→ **What the exercise asks**
Nothing below is to be printed except the lines between the line holding "Maserati Quattroporte 2018" and the line holding "324 Orange Tree", inclusive, each exactly as it appears.
Excerpted records Block Start
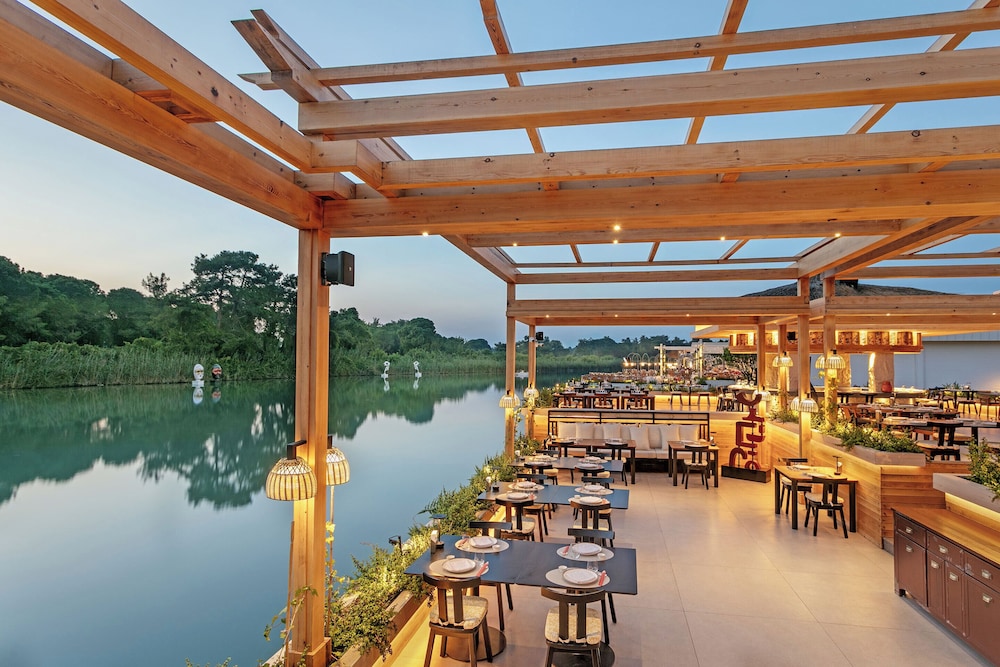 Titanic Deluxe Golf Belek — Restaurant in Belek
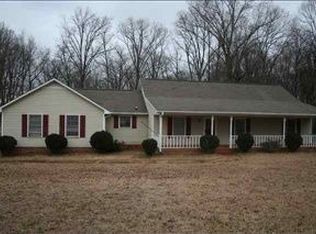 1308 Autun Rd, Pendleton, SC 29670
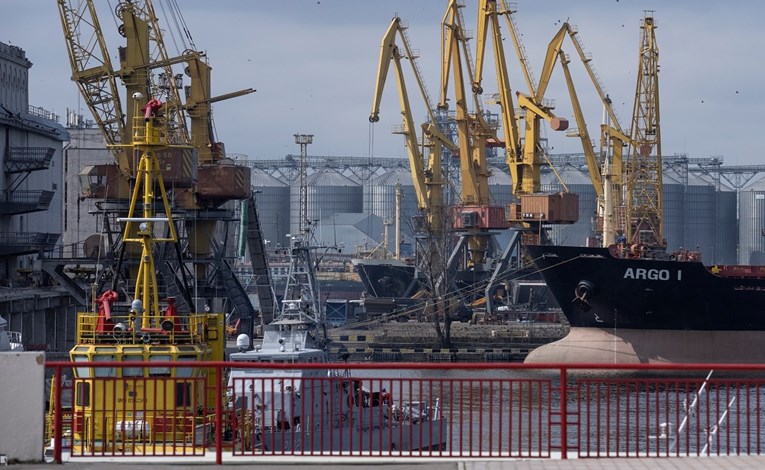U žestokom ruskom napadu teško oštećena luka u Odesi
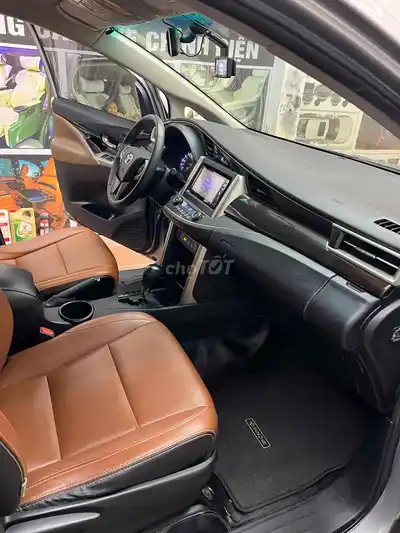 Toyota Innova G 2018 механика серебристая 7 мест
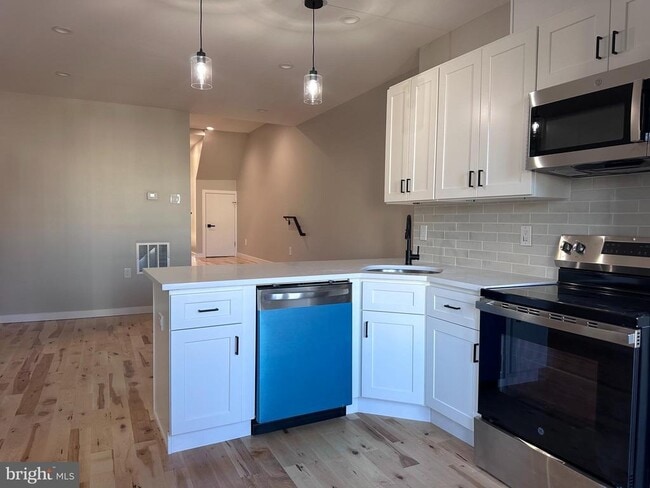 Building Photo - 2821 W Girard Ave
Excerpted records Block End
Excerpted records Block Start
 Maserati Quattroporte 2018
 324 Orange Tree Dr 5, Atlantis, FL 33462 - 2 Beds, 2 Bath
Excerpted records Block End
→ **Written reply**
 Maserati Quattroporte 2018
 324 Orange Tree Dr 5, Atlantis, FL 33462 - 2 Beds, 2 Bath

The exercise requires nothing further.